Remember, some wants can masquerade as needs, especially when it comes to tech or convenience. The line can get blurry when gadgets or services provide perceived value that’s hard to let go of.
An important reminder: Even small, habitual spending on wants, such as a $6 coffee every day, can quickly add up. Over a month, that’s $180, which could have been spent elsewhere on more important financial priorities.
Budgeting for both your needs and wants
While managing your finances means ensuring your needs are covered, it’s equally important to balance both your needs and wants. This doesn’t mean eliminating wants entirely but being mindful of how much they impact your overall budget.
1. Create a list
Start by writing down all your monthly expenses. Use categories like rent, groceries, phone bills, subscriptions, shopping, dining out, etc. This will help you visualise where your money is going. You can use Google Sheets or apps like Seedly Budget Planner to organise everything.

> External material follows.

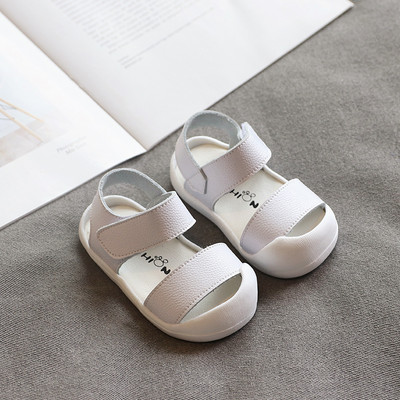 Libisemiskindla tallaga tavaline laste sandaalide mudel poistele ja tüdrukutele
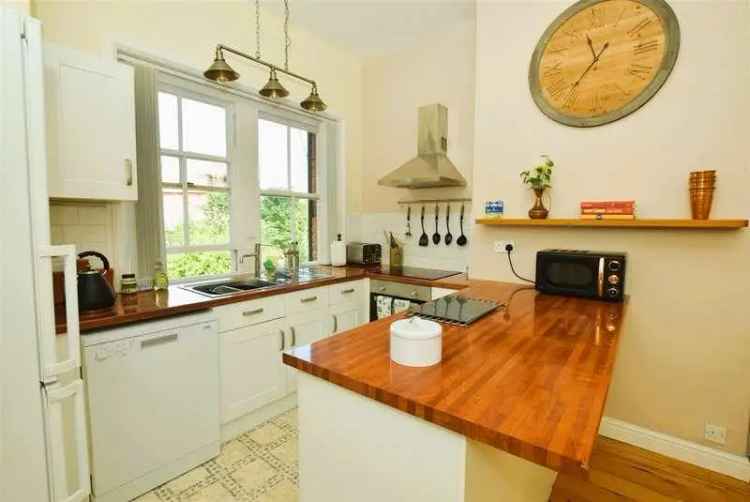 3 Bed Sea View Apartment Scarborough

It’s also a good idea to look at your past 3 months of bank or credit card statements to remind yourself of all your expenses. This can help jog your memory and give you a clearer picture of your spending habits.
2. Divide it up
Next, divide your expenses into needs and wants. Some items may fall into a grey area, like phone bills or having a second car. Consider the necessity and affordability—for instance, do you need that new phone every year, or can you wait another year before upgrading?
We recommend applying the "consequence test"—ask yourself: What happens if I cut this out? For example, if you cut your Spotify subscription, would you still be able to enjoy music?
3. Tally the numbers
Now, add up how much you’re spending on each category. Compare the total numbers with the 50/30/20 breakdown, where 50% should go to your needs, 30% should go to your wants, and 20% should go to savings or debt repayment.
So for example, if your spending on wants exceeds 30%, consider scaling back. This could mean switching from dine-in meals to hawker food or downgrading from Spotify Premium to the free version.
Managing both needs and wants in a balanced way isn’t just about cutting back—it’s about finding the right allocation to maintain a financially healthy lifestyle. By using the 50/30/20 rule and adjusting your habits, you’ll be well on your way to achieving both short-term comfort and long-term financial security.